AC: Thank you for reading the book so closely! Both of those poems are thinking about poetry in terms of music, though I think “Our Eternal Sounds” is thinking specifically about poetry as the place from which language was born, while the other poem is thinking of music as a form of mourning. The book is trying to explore, more often than not, abstract ideas in concrete form. I also tend to speak my poems out as I write them (and have music on during the process of writing them), which might explain how the theme comes up throughout the book.

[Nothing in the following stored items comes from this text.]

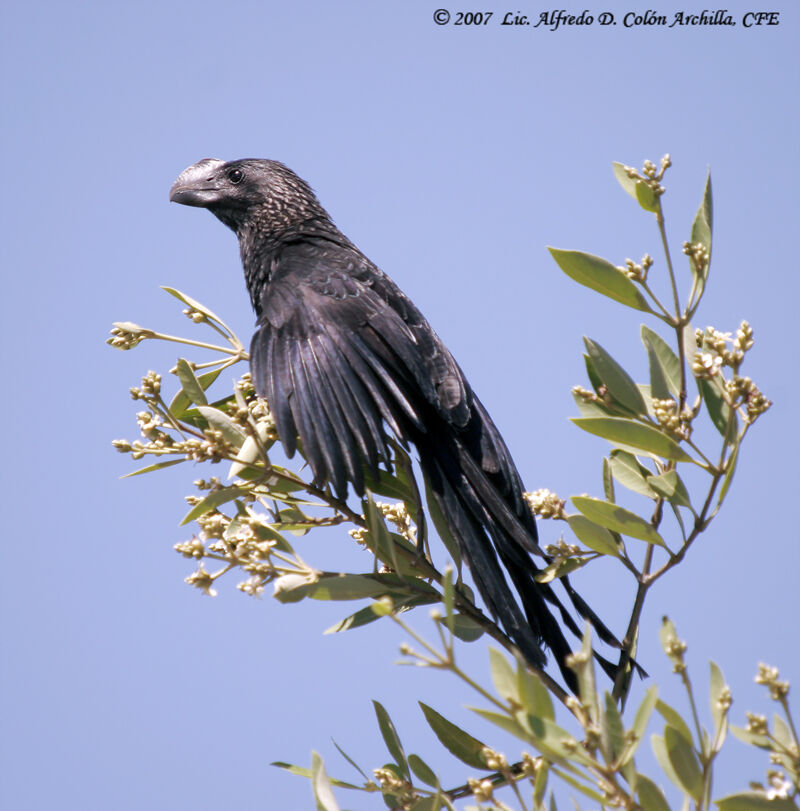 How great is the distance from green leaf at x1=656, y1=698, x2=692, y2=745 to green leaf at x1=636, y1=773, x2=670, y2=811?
0.28ft

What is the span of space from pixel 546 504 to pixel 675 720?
563 millimetres

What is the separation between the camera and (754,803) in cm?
136

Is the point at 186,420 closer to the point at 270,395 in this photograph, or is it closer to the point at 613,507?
the point at 270,395

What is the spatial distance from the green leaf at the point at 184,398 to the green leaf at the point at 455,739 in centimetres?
98

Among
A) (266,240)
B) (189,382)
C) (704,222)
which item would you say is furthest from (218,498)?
(266,240)

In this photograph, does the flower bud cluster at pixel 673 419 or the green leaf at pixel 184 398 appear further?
the green leaf at pixel 184 398

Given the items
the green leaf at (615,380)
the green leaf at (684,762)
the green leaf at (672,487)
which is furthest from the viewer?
the green leaf at (615,380)

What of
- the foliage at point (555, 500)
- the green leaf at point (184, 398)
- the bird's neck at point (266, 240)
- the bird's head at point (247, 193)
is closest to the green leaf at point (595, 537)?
the foliage at point (555, 500)

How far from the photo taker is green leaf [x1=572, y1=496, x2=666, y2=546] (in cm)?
187

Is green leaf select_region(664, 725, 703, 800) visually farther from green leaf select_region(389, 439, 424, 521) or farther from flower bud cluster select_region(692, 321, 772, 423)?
green leaf select_region(389, 439, 424, 521)

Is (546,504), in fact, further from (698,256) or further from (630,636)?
(698,256)

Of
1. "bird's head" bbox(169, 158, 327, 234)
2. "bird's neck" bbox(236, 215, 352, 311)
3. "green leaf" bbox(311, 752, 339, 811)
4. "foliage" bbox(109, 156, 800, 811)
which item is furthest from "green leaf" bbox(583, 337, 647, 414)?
"bird's head" bbox(169, 158, 327, 234)

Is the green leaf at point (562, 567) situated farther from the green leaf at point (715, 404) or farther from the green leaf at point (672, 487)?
the green leaf at point (715, 404)

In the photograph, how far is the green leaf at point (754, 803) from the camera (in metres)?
1.34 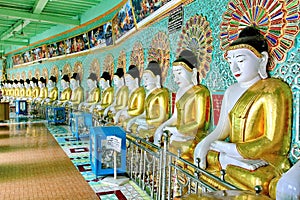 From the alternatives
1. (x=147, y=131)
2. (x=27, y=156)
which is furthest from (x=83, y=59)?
(x=147, y=131)

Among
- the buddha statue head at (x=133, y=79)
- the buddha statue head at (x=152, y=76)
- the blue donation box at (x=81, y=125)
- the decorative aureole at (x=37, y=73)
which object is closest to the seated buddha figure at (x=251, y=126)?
the buddha statue head at (x=152, y=76)

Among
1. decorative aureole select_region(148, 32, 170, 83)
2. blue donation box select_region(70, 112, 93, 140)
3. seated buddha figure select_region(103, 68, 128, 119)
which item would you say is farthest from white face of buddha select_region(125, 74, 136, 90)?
blue donation box select_region(70, 112, 93, 140)

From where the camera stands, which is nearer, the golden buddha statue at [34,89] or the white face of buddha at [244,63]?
the white face of buddha at [244,63]

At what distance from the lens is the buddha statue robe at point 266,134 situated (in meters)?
1.82

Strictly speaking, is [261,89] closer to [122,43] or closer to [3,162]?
[122,43]

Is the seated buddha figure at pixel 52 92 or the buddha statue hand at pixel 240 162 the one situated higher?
the seated buddha figure at pixel 52 92

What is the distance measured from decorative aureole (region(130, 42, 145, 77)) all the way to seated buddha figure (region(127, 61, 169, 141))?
19 centimetres

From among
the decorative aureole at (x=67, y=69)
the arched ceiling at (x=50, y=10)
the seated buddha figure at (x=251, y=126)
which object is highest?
the arched ceiling at (x=50, y=10)

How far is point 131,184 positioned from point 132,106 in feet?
3.59

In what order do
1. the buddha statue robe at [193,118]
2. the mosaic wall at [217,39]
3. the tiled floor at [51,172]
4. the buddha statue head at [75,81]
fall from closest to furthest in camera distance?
1. the mosaic wall at [217,39]
2. the buddha statue robe at [193,118]
3. the tiled floor at [51,172]
4. the buddha statue head at [75,81]

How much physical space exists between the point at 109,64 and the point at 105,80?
24.3 inches

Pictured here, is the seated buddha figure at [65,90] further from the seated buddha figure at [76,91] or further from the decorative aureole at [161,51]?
the decorative aureole at [161,51]

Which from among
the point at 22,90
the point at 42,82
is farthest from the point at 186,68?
the point at 22,90

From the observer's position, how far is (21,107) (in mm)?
11508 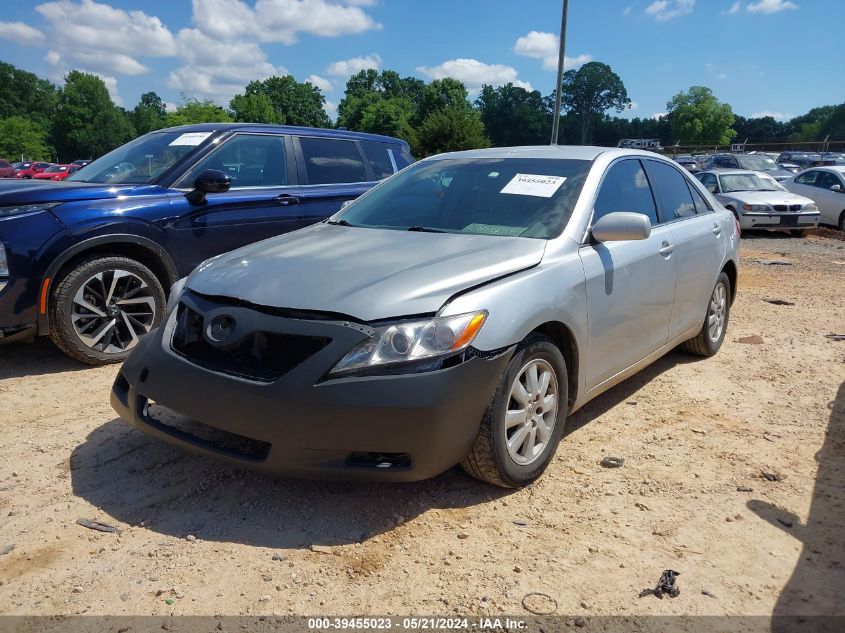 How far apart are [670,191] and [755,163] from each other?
18995 millimetres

DD: What’s on the horizon for Shelterbelt Press in 2018 and beyond?
MC: At this point we’re thinking a lot about publicity—as mentioned above, financial well-being can be a challenge related to running an independent press. We’re going to AWP to engage with the literary community and are looking forward to how readers will respond to Eloisa’s book.
DD: Could you end the interview by giving us a poem from Eloisa Amezcua’s collection?
SELF-PORTRAIT
I walk between whitebrush and blackfoot
daisies alone at the desert botanical garden
and know not to touch the devil’s
tongue or saguaro spines but still
I move my hand closer to the teddy bear
cholla until I touch it or it touches me
the needles clinging hollow
curve under the skin and I like it
I used to be a nice girl
euthymic too
but when the only thing
you have left of yourself
is pain
the filter with which
you move through
the world becomes impossibly
tender like fingers swollen
papules of foreign material
lodged in the body
to be unroofed or
left there to dissolve
Meagan Cass is the author of Range of Motion (Magic Helicopter Press, 2014). Her fiction has appeared in Hayden’s Ferry Review, The Pinch, DIAGRAM, PANK, and Puerto del Sol, among other places. She is an Assistant Professor of English at the University of Illinois Springfield. Over the last fifteen years, she has done editorial work for a range of national literary journals and presses, including Stirring, Harpur Palate, Rougarou, and Sundress Publications.
Adam Clay is the author of Stranger (Milkweed Editions, 2016), A Hotel Lobby at the Edge of the World (Milkweed Editions, 2012), and The Wash (Parlor Press, 2006). His poems have appeared in Ploughshares, Crab Orchard Review, Boston Review, Iowa Review, The Pinch, and elsewhere. A co-editor of TYPO Magazine, he serves as a Book Review Editor for Kenyon Review and teaches at the University of Illinois Springfield.
Dante Di Stefano is the author of two poetry collections: Love Is a Stone Endlessly in Flight (Brighthorse Books, 2016) and Ill Angels (Etruscan Press, forthcoming 2019). His poetry, essays, and reviews have appeared in The Los Angeles Review, The Sewanee Review, Prairie Schooner, and elsewhere. He is a poetry editor for the DIALOGIST. Along with María Isabel Alvarez, he is the co-editor of Misrepresented People: Poetic Responses to Trump's America (NYQ Books, 2018).